→ **Goal of the exercise**:
Please print every record below exactly as written, leaving out the pictures.

→ **Records from a data source**:
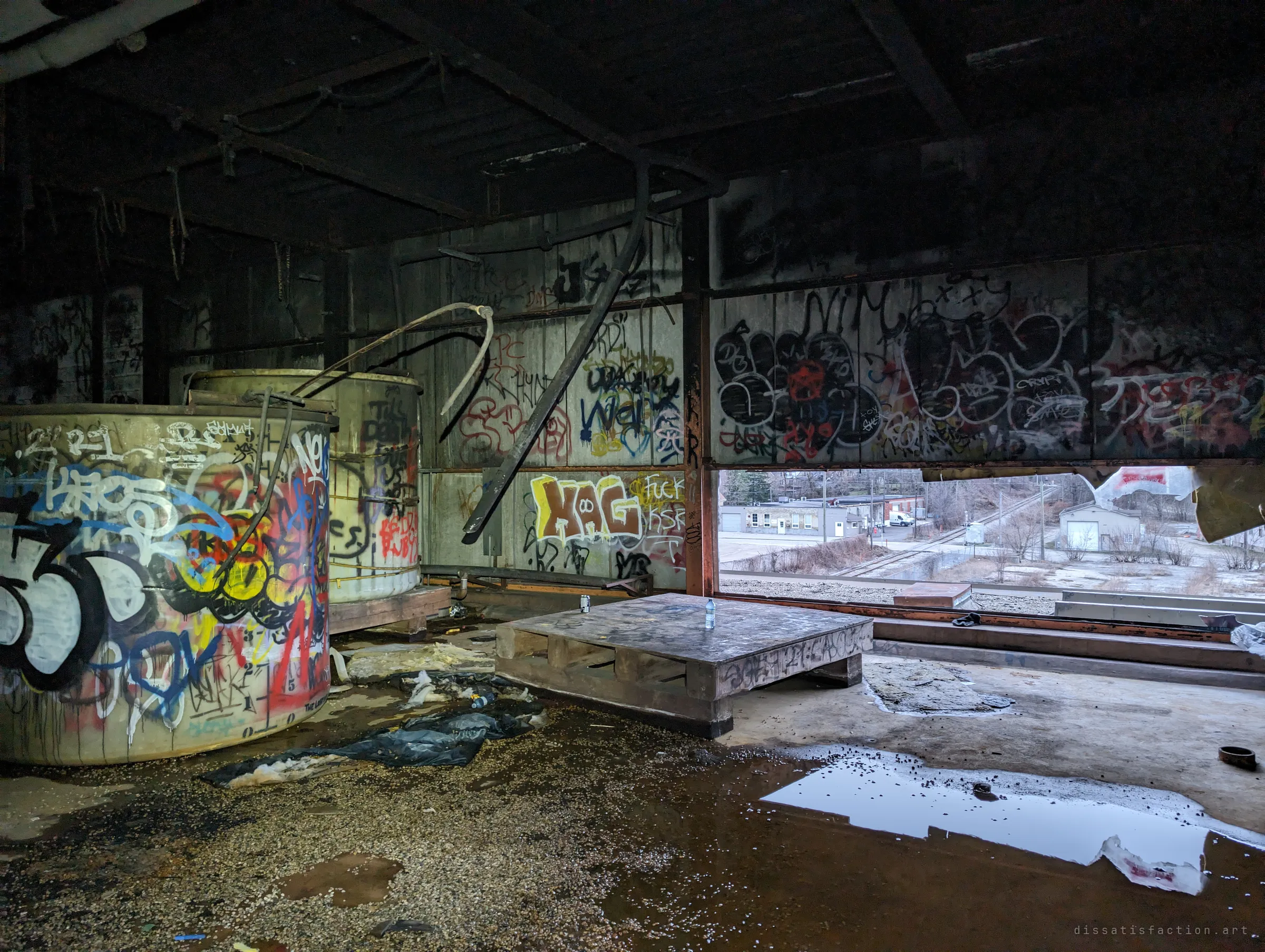 Graffiti-covered storage tanks and a wooden pallet sit in a gutted upper floor whose wall has been torn open to the grey daylight outside. Puddles on the concrete reflect the sky.
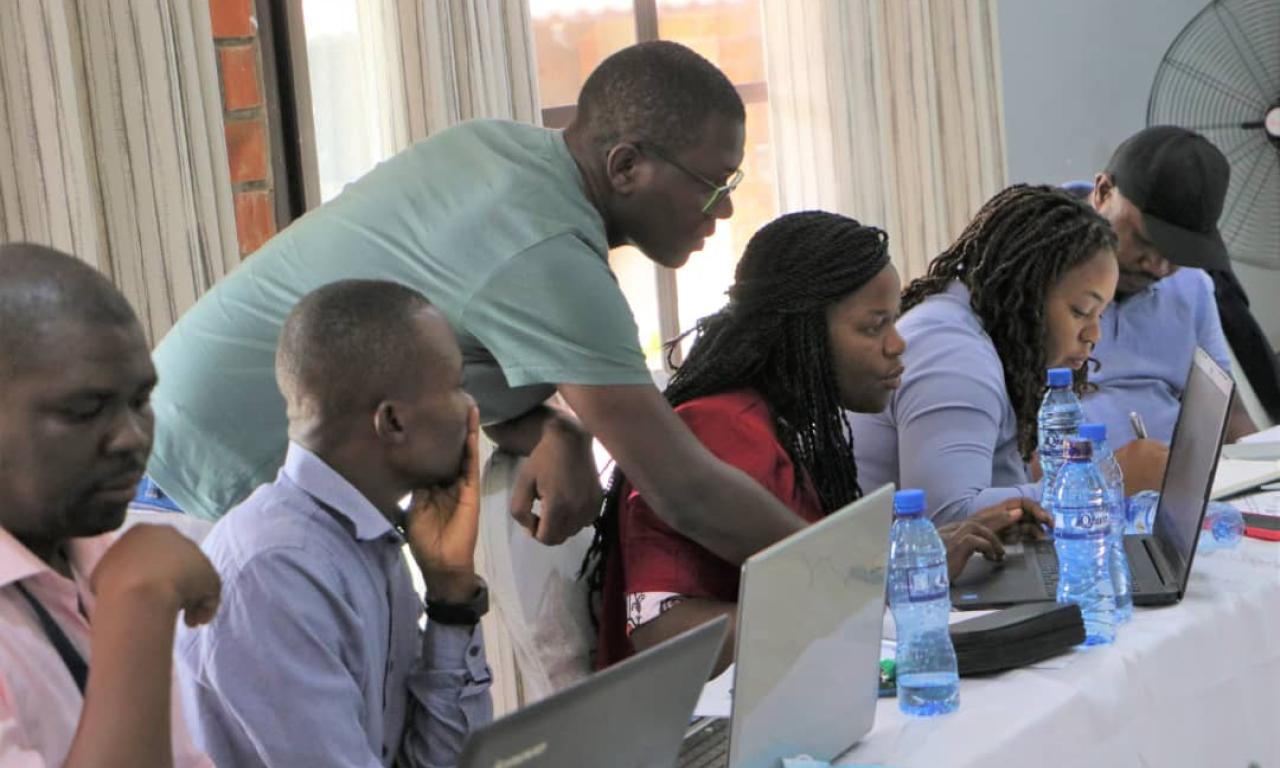 DR. Robert displaying genetic analysis to training participants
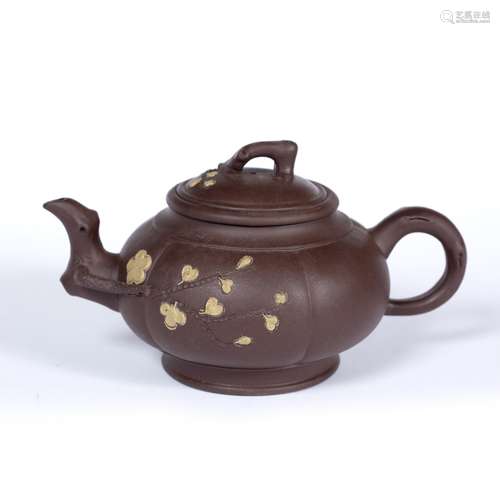 Yixing teapot Chinese, early 20th Century with raised blossom and with circular seal mark 21cm long,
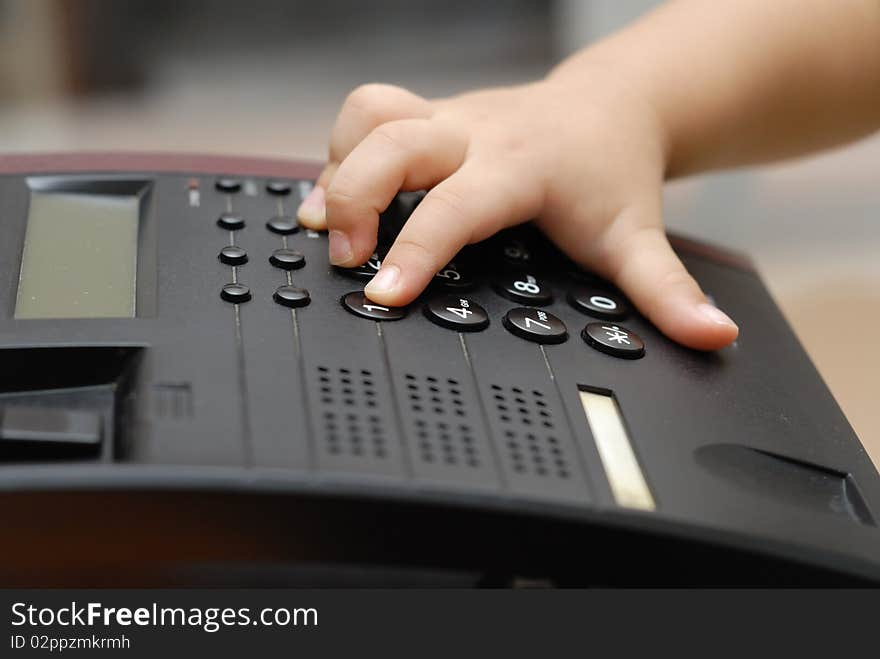 A boy hand is on the pone keyboard, he is dialing the phone number for making a call.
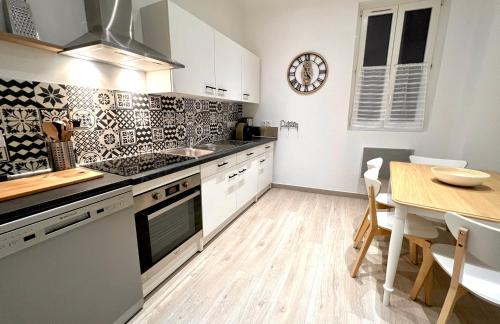 une cuisine avec des placards blancs, une table et une salle à manger dans l'établissement T2 Hyper centre 3 étoiles Rue des Bains, à Aix-les-Bains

→ **Solution to the exercise**:
 Graffiti-covered storage tanks and a wooden pallet sit in a gutted upper floor whose wall has been torn open to the grey daylight outside. Puddles on the concrete reflect the sky.
 DR. Robert displaying genetic analysis to training participants
 Yixing teapot Chinese, early 20th Century with raised blossom and with circular seal mark 21cm long,
 A boy hand is on the pone keyboard, he is dialing the phone number for making a call.
 une cuisine avec des placards blancs, une table et une salle à manger dans l'établissement T2 Hyper centre 3 étoiles Rue des Bains, à Aix-les-Bains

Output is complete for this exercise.